Preventability of serious thromboembolic and bleeding events related to the use of oral anticoagulants: a prospective study

British Journal of Clinical Pharmacology

Analysis of data from 46 DOAC and 43 VKA patients admitted with a thrombotic or bleeding event shows that 53% of DOAC‐ and 61% of VKA‐related serious ADRs were deemed potentially preventable, with prescribing issues and inadequate monitoring the most pertinent causative factors.

US FDA grants “Breakthrough Therapy Designation” for emicizumab (Hemlibra) for hemophilia A without factor VIII inhibitors

Biospace Inc.

The designation was based on results from the Phase III HAVEN 3 clinical trial, in which patients received the drug subcutaneously. Those receiving the drug showed a reduction in treated bleeds compared to the group that did not receive prophylactic treatment.

US FDA approves fostamatinib disodium hexahydrate for thrombocytopenia in adults with chronic immune thrombocytopenia

PharmaTimes

The approval for use is in patients who have failed to respond to previous treatment.

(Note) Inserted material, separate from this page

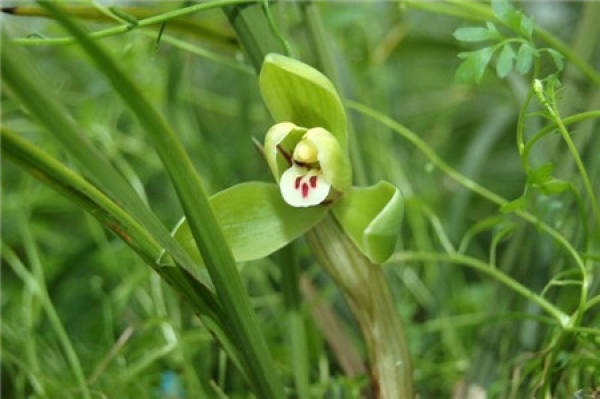 Epiphytic orchid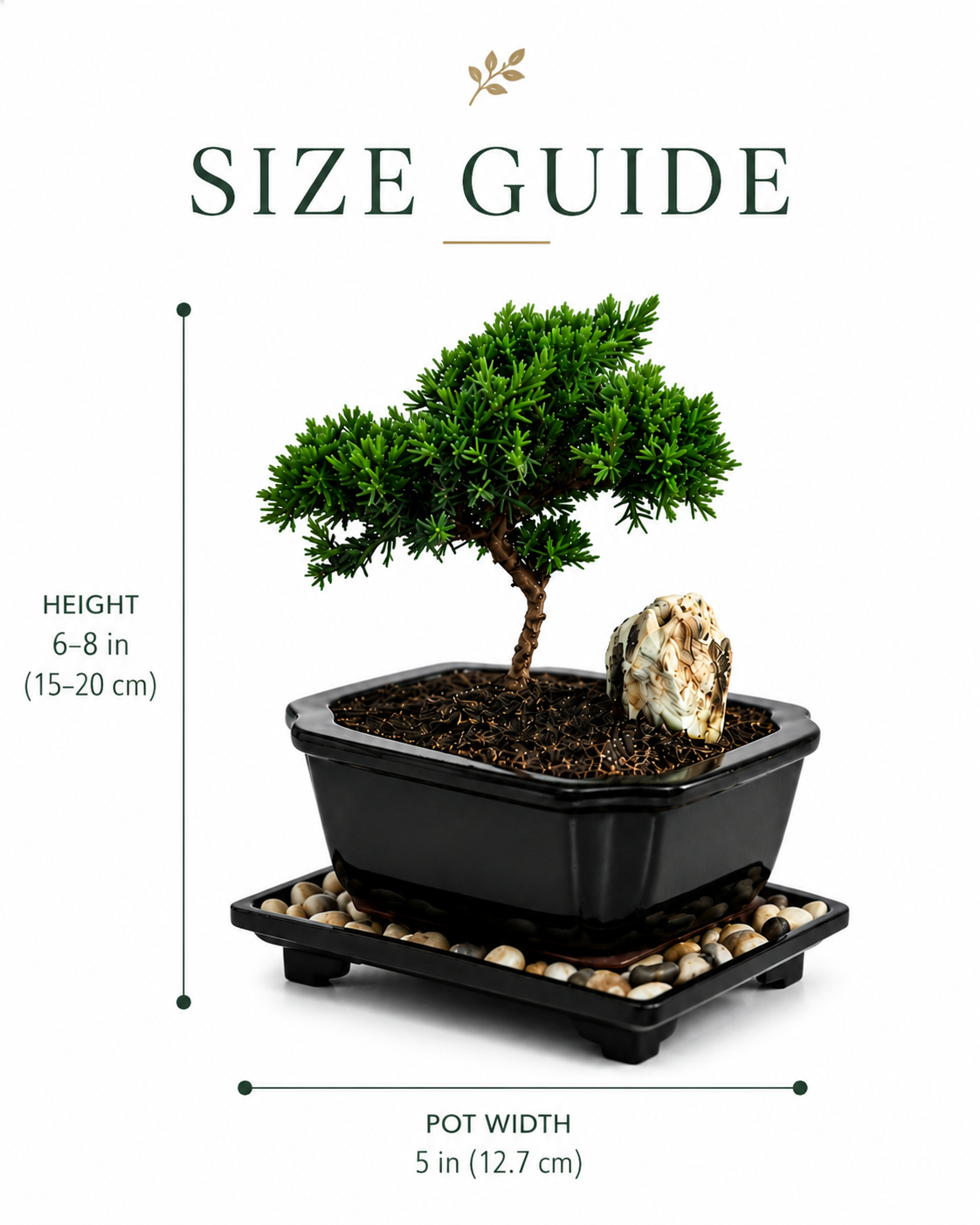 TODOROKI Miniature Young Juniper Bonsai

Fostamatinib is a Spleen tyrosine kinase (Syk) inhibitor, currently in phase III development in the EU.

US FDA approves Vonvendi (von Willebrand factors) for perioperative management of bleeding in adults with von Willebrand disease

PharmaTimes

The therapy was initially approved in the US for on-demand treatment and control of bleeding episodes, and is the first and only recombinant treatment for adults living with von Willebrand disease, the most common inherited bleeding disorder.

Direct oral anticoagulants versus warfarin for preventing stroke and systemic embolic events among atrial fibrillation patients with chronic kidney disease

Cochrane Database of Systematic Reviews

This review (5 studies; n=12,545) concludes that DOAC are as likely as warfarin to prevent all strokes and systemic embolic events without increasing risk of major bleeding events among AF patients with kidney impairment. The results chiefly apply to CKD stage G3 patients.

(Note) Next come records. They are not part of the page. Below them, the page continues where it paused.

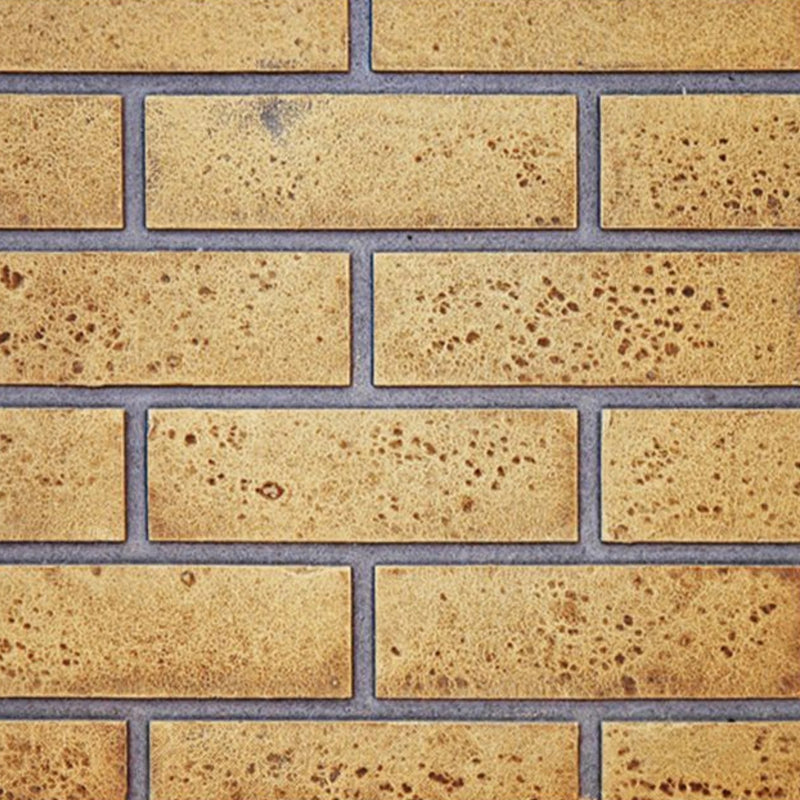 Napoleon Decorative Panels Sandstone Standard Brick for Knightsbridge™  | GW STORE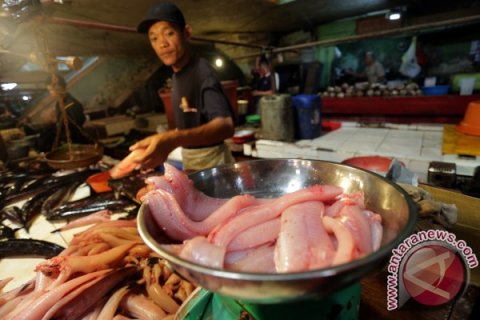 Harga Ikan Gabus Naik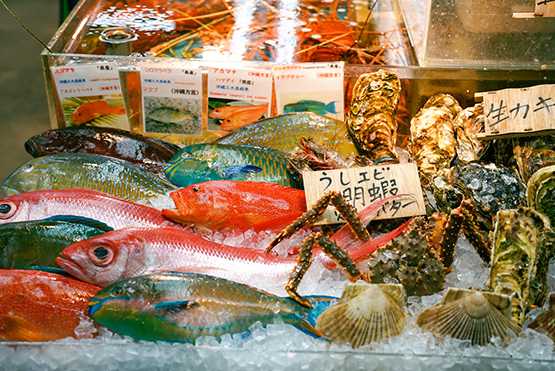 牧志公設市場裡各色新鮮的海魚任君挑選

Safety and efficacy of dual vs. triple antithrombotic therapy in patients with atrial fibrillation following percutaneous coronary intervention: a systematic review and meta-analysis of randomized clinical trials

European Heart Journal

Review (4 RCTs; n=5137), found that dual antithrombotic therapy reduced TIMI major or minor bleeding by 47% vs triple therapy [4.3 vs. 9.0%; HR, 0.53) with comparable outcomes of major adverse cardiac events (10.4% vs. 10.0%; 0.85).

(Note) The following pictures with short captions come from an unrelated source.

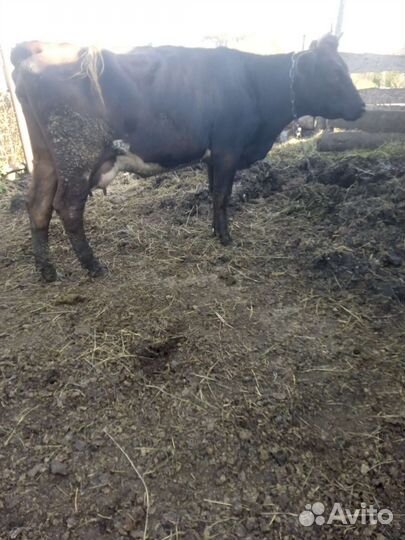 Корова дойная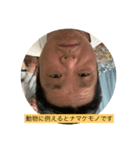 だーまんだよ（個別スタンプ：1）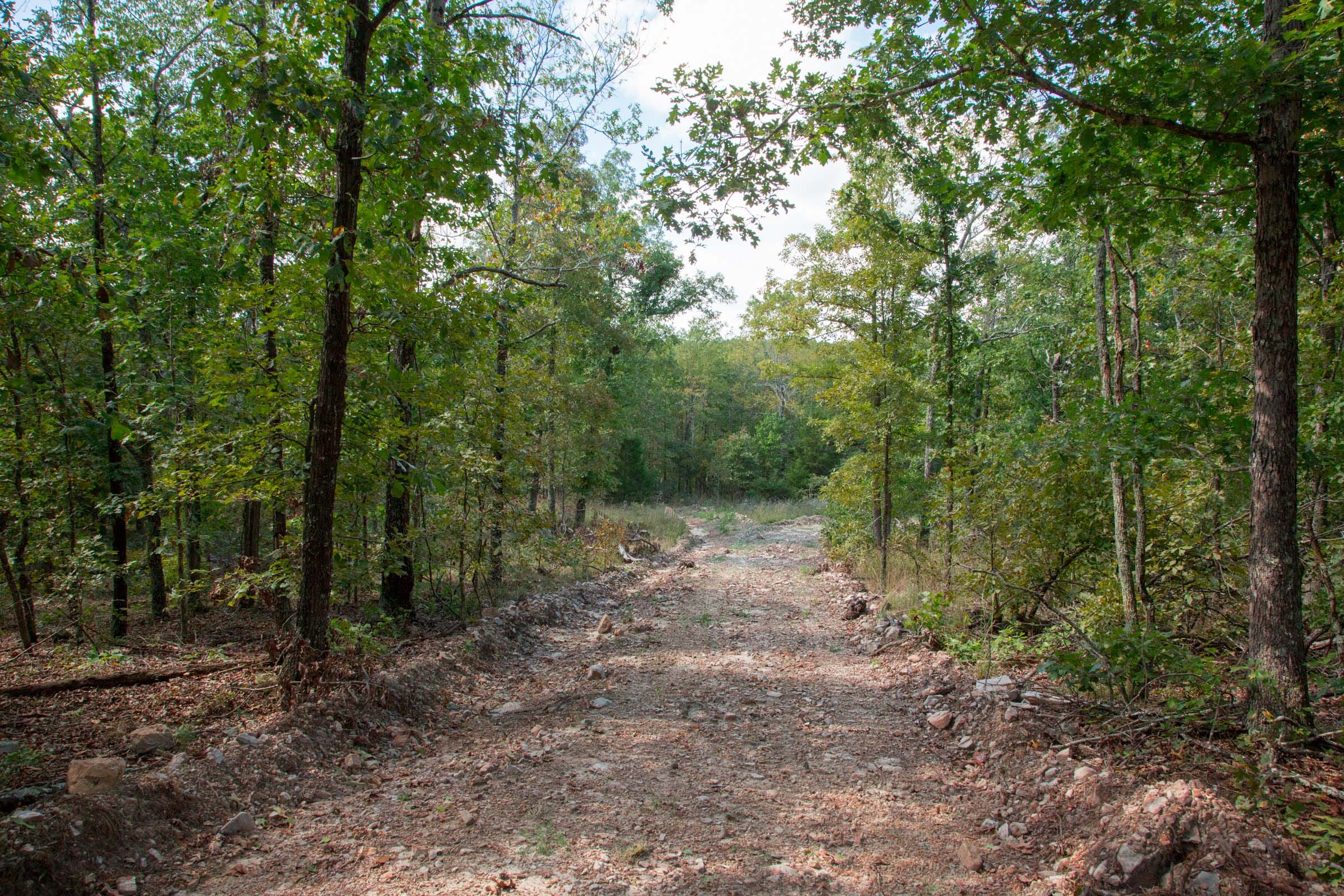 Wagon Wheel Ranch Tract 40 photo 6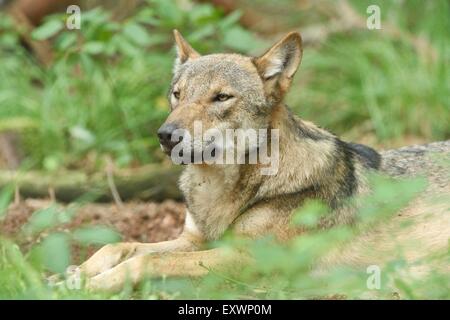 Eurasische Wolf liegen in einem forst Stockfoto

Anticoagulation for the initial treatment of venous thromboembolism in people with cancer

Cochrane Database of Systematic Reviews

This review (15 RCTs; n=1615) concludes LMWH likely decreases 3-month mortality compared to UFH (risk difference: 57 fewer per 1000; 95% CI 101 fewer to 17 more; moderate evidence). The choice should balance benefits and harms and consider the person's values and preferences.

Prognostic Significance of Nuisance Bleeding in Anticoagulated Patients with Atrial Fibrillation

Circulation

This analysis of registry data (n=6771) found documented minor bleeding was common (20%) but not associated with a statistically significantly increased risk of major bleeding or stroke/systemic embolism, suggesting occurrence should not lead to changes in treatment strategy.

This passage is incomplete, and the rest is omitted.